Instructions for the task:
From top to bottom, return the listing exactly as it appears, omitting its images.

Information provided:
::::

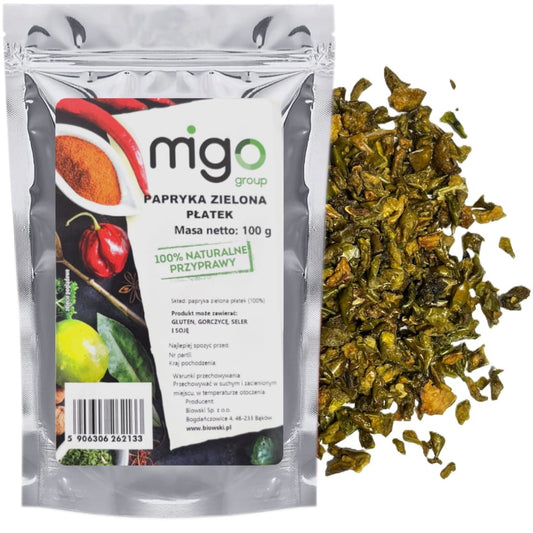 Papryka zielona płatek 100g - MIGOgroup
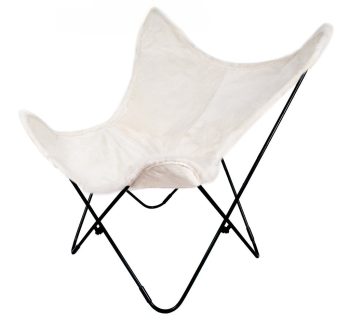 Handcrafted Leather Butterfly Chair, Handmade chair, foldable chair, White Colour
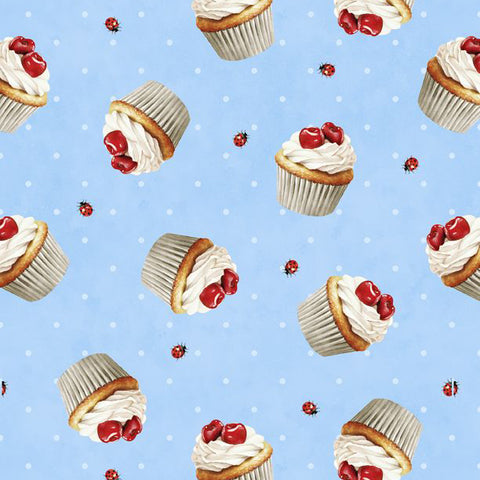 light blue, Sweet Cherry Collection Cupcake Toss Cotton Fabric 68571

::::

Result:
 Papryka zielona płatek 100g - MIGOgroup
 Handcrafted Leather Butterfly Chair, Handmade chair, foldable chair, White Colour
 light blue, Sweet Cherry Collection Cupcake Toss Cotton Fabric 68571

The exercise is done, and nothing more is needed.